** Source records follows **

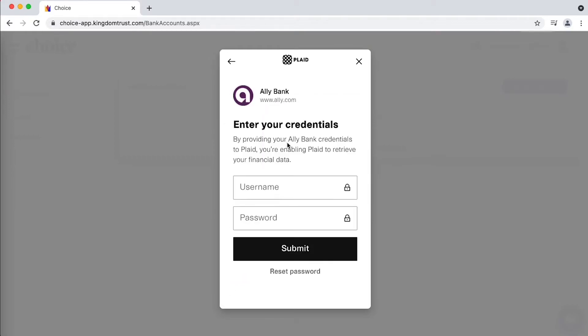For this example, use Ally, log into your bank as if you were on their website.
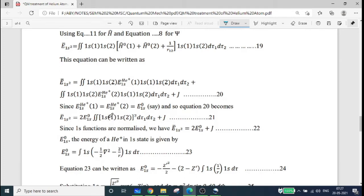E0(1s) is the energy of the helium-plus ion in the 1s state, given as e0(1s) equal to the integral of 1s times [minus one-half del-squared minus 2/r] times 1s d-tau.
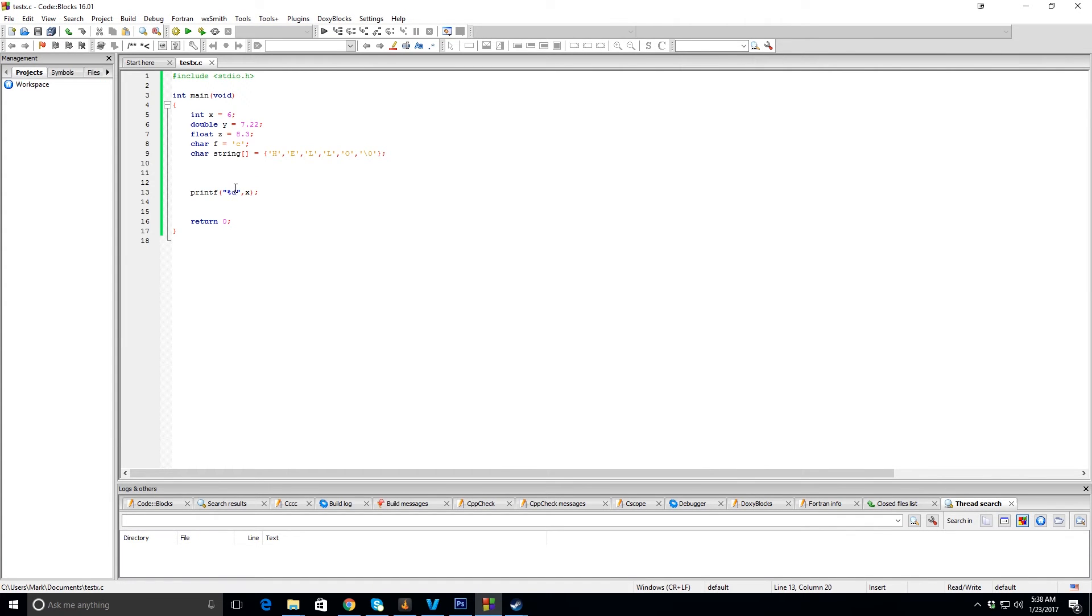So let's do the double. A double is %lf, and then that's going to be Y. You can see that prints correctly.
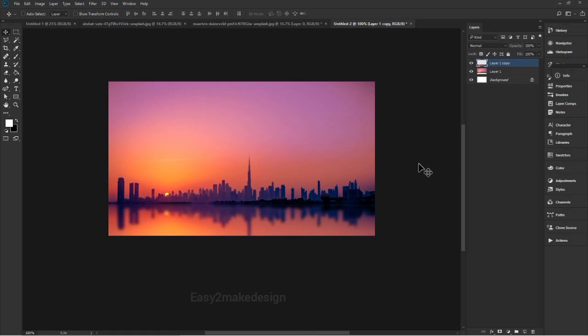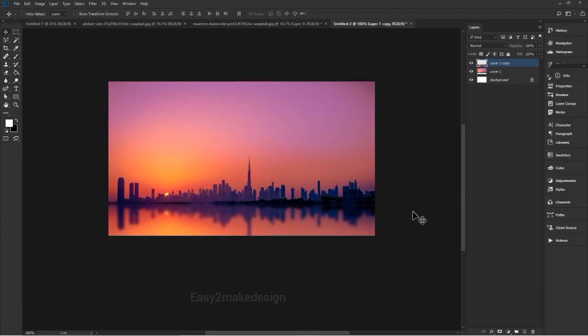In today's tutorial we learned about image size, resizing images, crop tools, delete cropped pixels, content aware tool, and how to crop and straighten an image, expand the canvas, and fill the empty space. Please like, share, comment, and subscribe to my channel for more videos. Don't forget to press the bell icon to get notified when we upload new videos. Thank you.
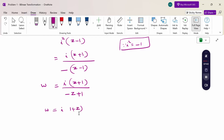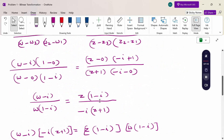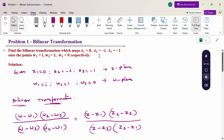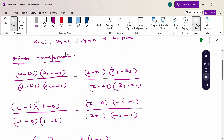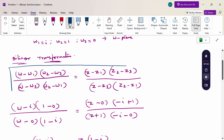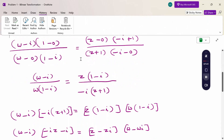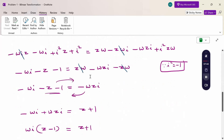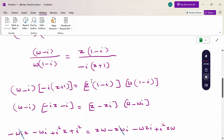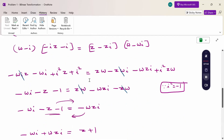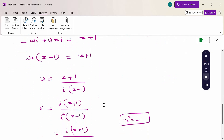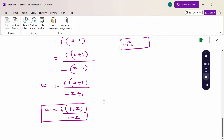Therefore the final bilinear transformation is w = i(1 + z) / (1 - z). To summarize: given the z-plane and w-plane points, substitute them into the bilinear transformation formula, cross multiply, take LCM, simplify, and solve for w. This gives the required mapping.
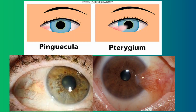Here is another example. This is pinguecula, and this is pterygium.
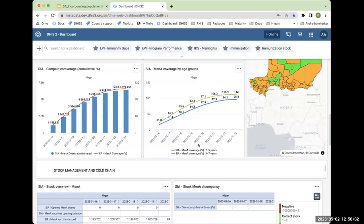A participant also asked whether the workshop would include actual walkthroughs and exercises in DHIS2 rather than just presentations, noting that information needs to be practiced to stick. The presenters noted there is an exercise later that day using DHIS2 dashboards for analysis, though this is not a full DHIS2 training, so hands-on work in the system is limited.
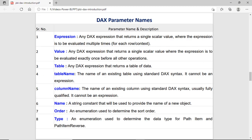Now we check parameter names and descriptions. First of all we have the expression — it returns a single scalar value, and this expression can be executed single or multiple times. If it is running in the row context, it will execute multiple times. In the case of filter context, it will execute only once. The value parameter is also a DAX expression that returns a single scalar value, and that value expression is evaluated before all other operations in the DAX function.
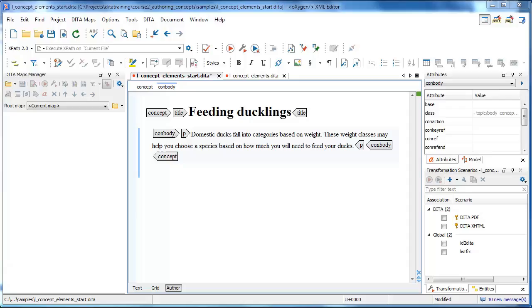In this video, we will learn about definition lists in DITA. We will be using Oxygen XML Editor version 17 on a PC in AuthorView with full tags displayed.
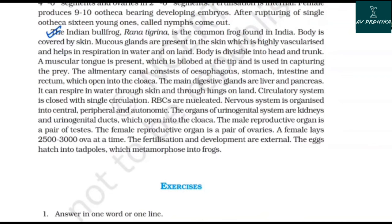The Indian bullfrog Rana tigrina is a common frog found in India. The body is covered by skin with mucus glands that are highly vascularized, helping in respiration in water and on land. The body is divisible into head and trunk. A muscular, bilobed tongue is used in capturing prey. The alimentary canal consists of the esophagus, stomach, intestine, and rectum, which open into the cloaca. The main digestive glands are the liver and pancreas. The frog can respire through skin in water and through lungs on land. The circulatory system is closed with a nucleated RBC. The nervous system is organized into central, peripheral, and autonomic components. The urinogenital system consists of kidneys and urinogenital ducts opening into the cloaca. The male reproductive organ is a pair of testes; the female reproductive organ is a pair of ovaries. A female lays 2,500 to 3,000 ova at a time. Fertilization and development are external. Eggs hatch into tadpoles which metamorphose into frogs. Chapter completed. Thank you.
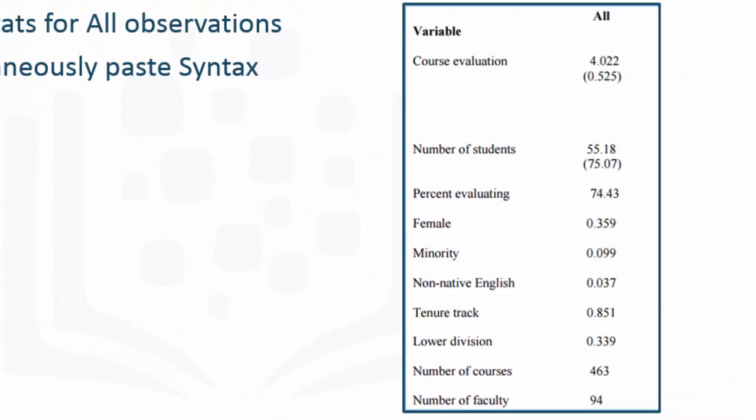Notice that we have essentially reproduced all these statistics in the paper in Table 1 under All Observations.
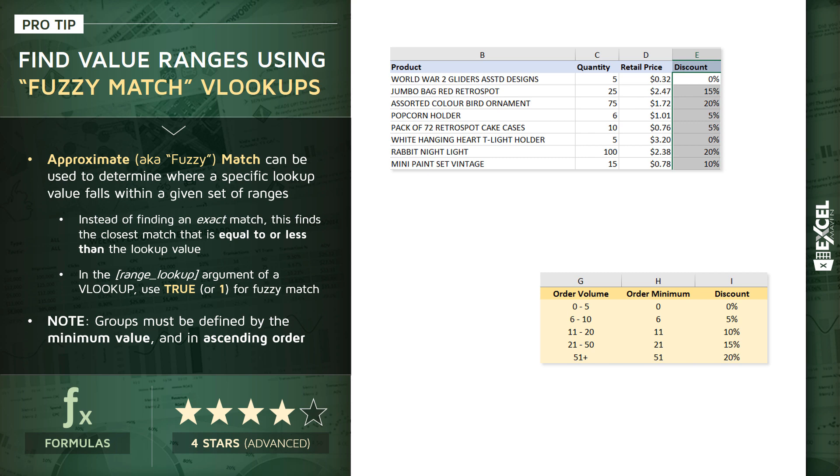The idea is we're trying to calculate the discount level in column E based on the sales quantity or order volume. And essentially, the idea here is that larger volume orders will be given a larger discount. So for orders of 0 to 5, there will be no discount applied. 6 to 10 would be a 5% discount, all the way up to orders of greater than 50 units, which would earn a discount of 20%.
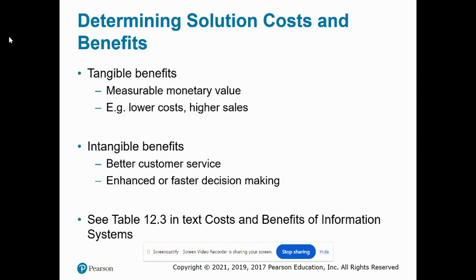While most believe systems are built to reduce costs, many, if not most, are also built to achieve intangible benefits which cannot be measured easily or related to a monetary benefit to the firm directly.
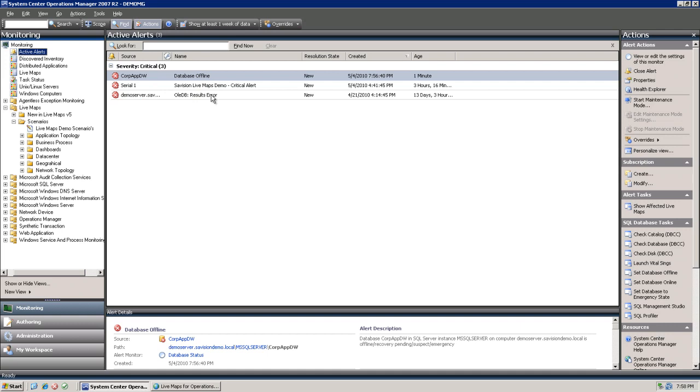Well, it only tells us that the database is offline, but we don't have a clue in what context we need to place that. What application is affected, what users are affected, what are the related items within that application.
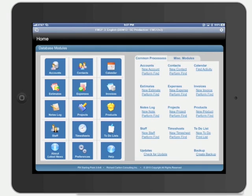FM Starting Point makes a great starting place to build your next FileMaker project. FM Starting Point is one of our most successful solutions and has been downloaded over 150,000 times.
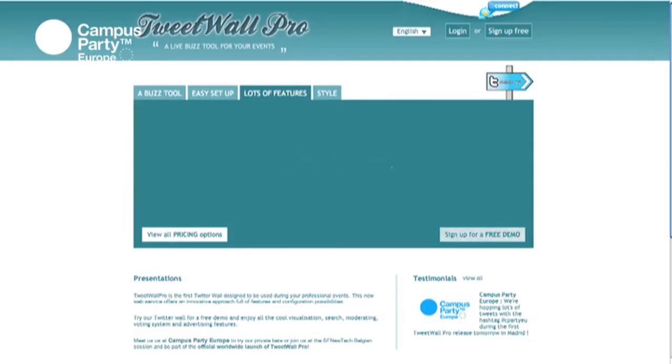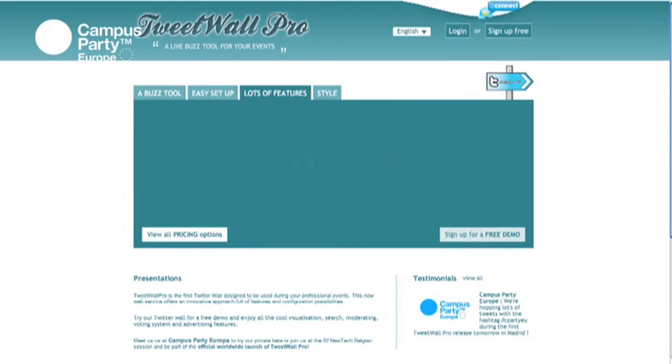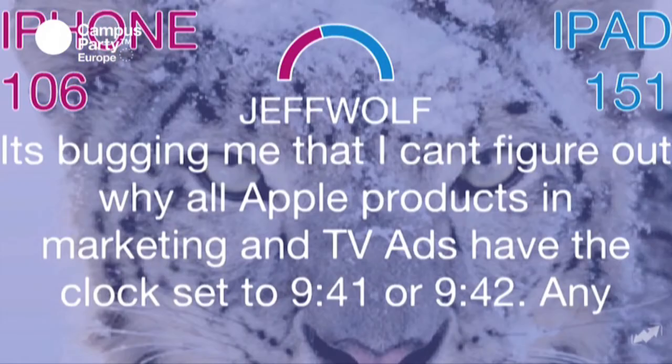The first and biggest feature is the number of visualizations. Our system will propose an open API that will allow developers to propose new visualizations. They can build their own visualizations in HTML5, jQuery, Flash, or other technologies. We will propose a library of visualizations and users of TweetWall Pro will be able to choose from this huge library of shows.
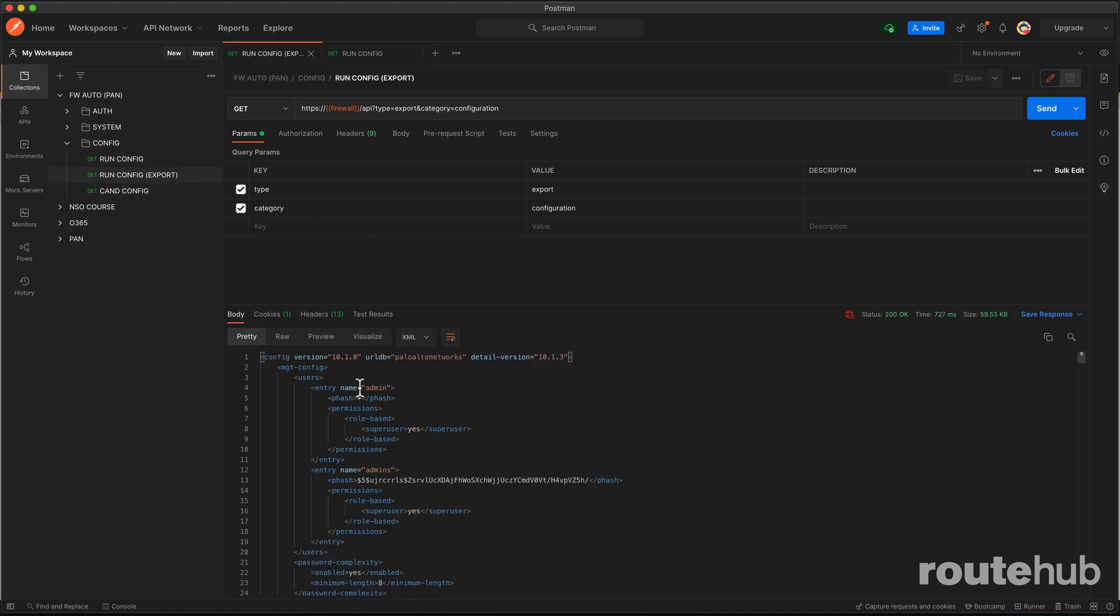That's why this one here with the export, that is the full config that you definitely want to keep as a backup. That's why I wanted to show you both methods of what that looks like.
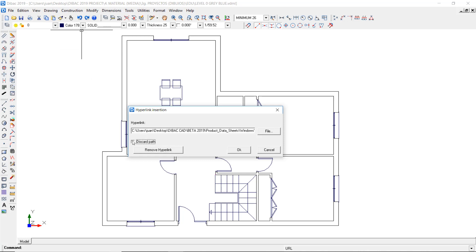If you check the discard path box, BricsCAD will try to locate the file in the same folder in which the current project is saved. This is particularly useful in case you share the project with a colleague, including the associated file in the same folder.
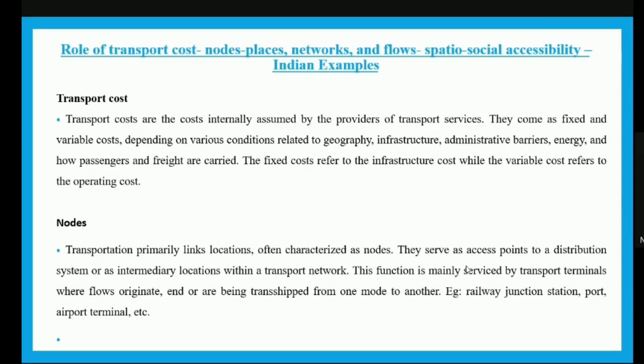Nodes are locations characterized as access points to a distribution system or an intermediary location within the transport network. This function is mainly serviced by transport terminals where flows originate or are transshipped from one node to another. Examples include a railway junction, a station, a port, or an airport terminal where transportation is linked to a particular location.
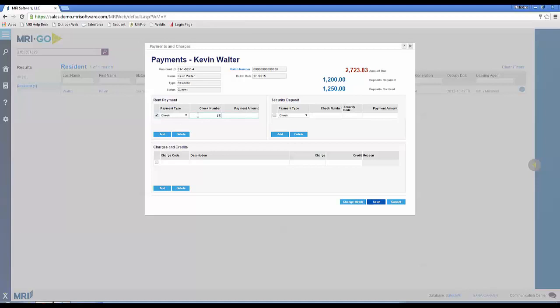I just need to enter the check number, put in the amount due, and save it.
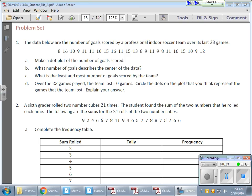In today's math lesson we're creating dot plots and also taking a look at frequency tables. We have a large data set here — professional indoor soccer teams and the number of goals they scored over the last 23 games. We want to use a dot plot to look at this data, spread it out, and make it look good.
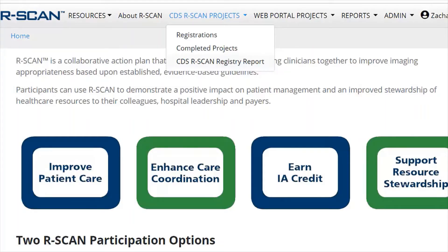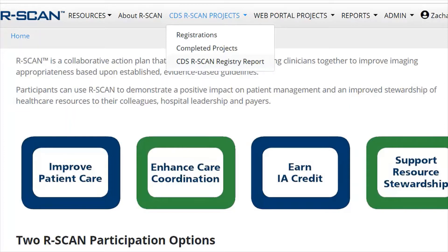The first step to starting an R-Scan project is to review the CDS R-Scan Registry report to identify imaging areas for which there is an opportunity to improve the ordering of high-value imaging exams. Log in to the R-Scan workspace and click CDS R-Scan projects from the main menu and select CDS R-Scan Registry report.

** End of Source records **

Work required: Your answer must be the exact lines of the records from the first one through the line containing "Here is another", with no pictures in it.

Answer to the problem:
For this example, use Ally, log into your bank as if you were on their website.
E0(1s) is the energy of the helium-plus ion in the 1s state, given as e0(1s) equal to the integral of 1s times [minus one-half del-squared minus 2/r] times 1s d-tau.
So let's do the double. A double is %lf, and then that's going to be Y. You can see that prints correctly.
In today's tutorial we learned about image size, resizing images, crop tools, delete cropped pixels, content aware tool, and how to crop and straighten an image, expand the canvas, and fill the empty space. Please like, share, comment, and subscribe to my channel for more videos. Don't forget to press the bell icon to get notified when we upload new videos. Thank you.
Therefore the final bilinear transformation is w = i(1 + z) / (1 - z). To summarize: given the z-plane and w-plane points, substitute them into the bilinear transformation formula, cross multiply, take LCM, simplify, and solve for w. This gives the required mapping.
Here is another example. This is pinguecula, and this is pterygium.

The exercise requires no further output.